> **RECORDS PROVIDED**:
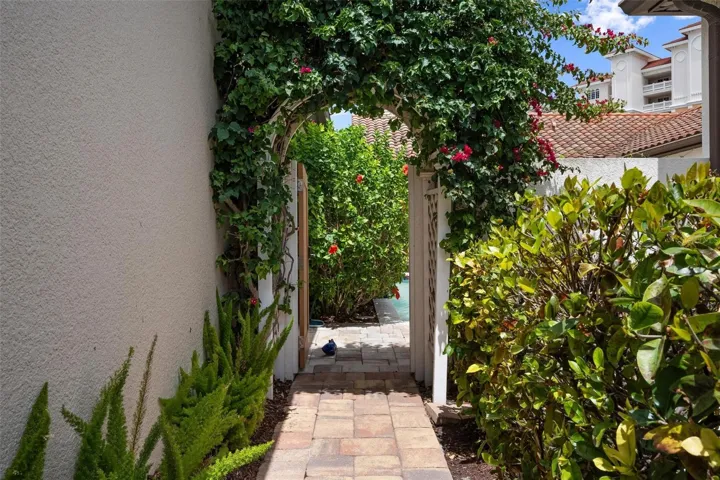 Walkway to courtyard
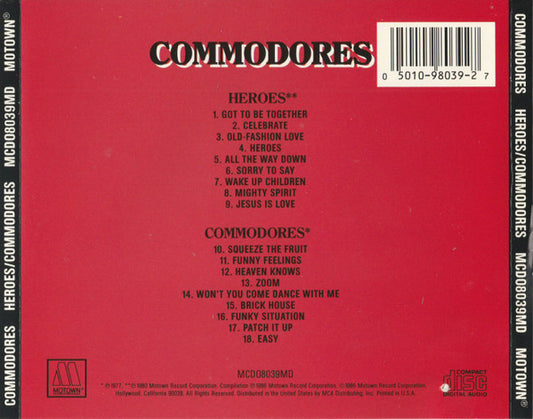 Commodores : Heroes / Commodores (CD, Comp)
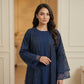 Navy Branching Abaya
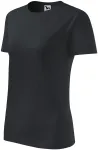 Tricou clasic pentru femei, abanos cenușiu Tricou clasic pentru femei, abanos cenușiu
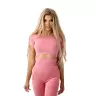 OstroVit Seamless Short-Sleeve Crop Top (XS, Różowy)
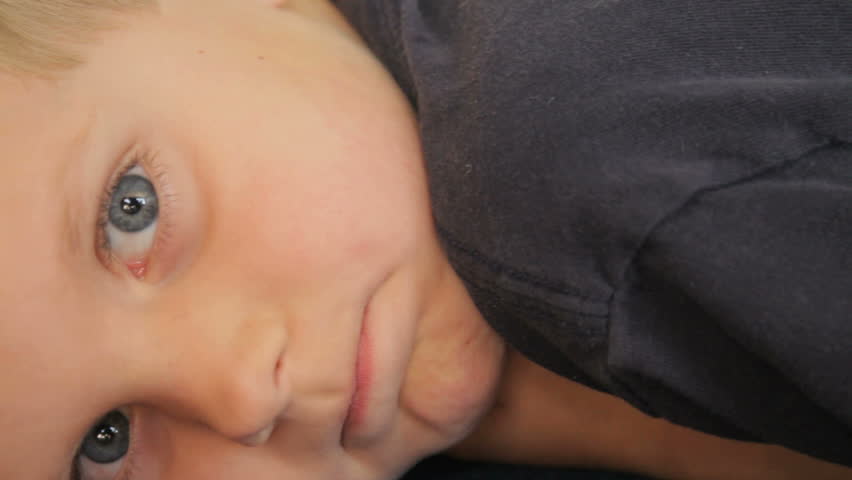 Close up of little boy resting in preschool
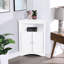 Blanc, armoire de rangement de salle de bain, portes et tablettes, profondeur de 24 po, 26,4 lb, intérieur réglable, coin de plancher facile à entretenir, profondeur de 24 po, conception-651686470-651686468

> **TASK DETAILS**:
Only the text of the records belongs in the answer; reproduce it verbatim, with no pictures.

> **RESPONSE AREA**:
 Walkway to courtyard
 Commodores : Heroes / Commodores (CD, Comp)
 Navy Branching Abaya
 Tricou clasic pentru femei, abanos cenușiu Tricou clasic pentru femei, abanos cenușiu
 OstroVit Seamless Short-Sleeve Crop Top (XS, Różowy)
 Close up of little boy resting in preschool
 Blanc, armoire de rangement de salle de bain, portes et tablettes, profondeur de 24 po, 26,4 lb, intérieur réglable, coin de plancher facile à entretenir, profondeur de 24 po, conception-651686470-651686468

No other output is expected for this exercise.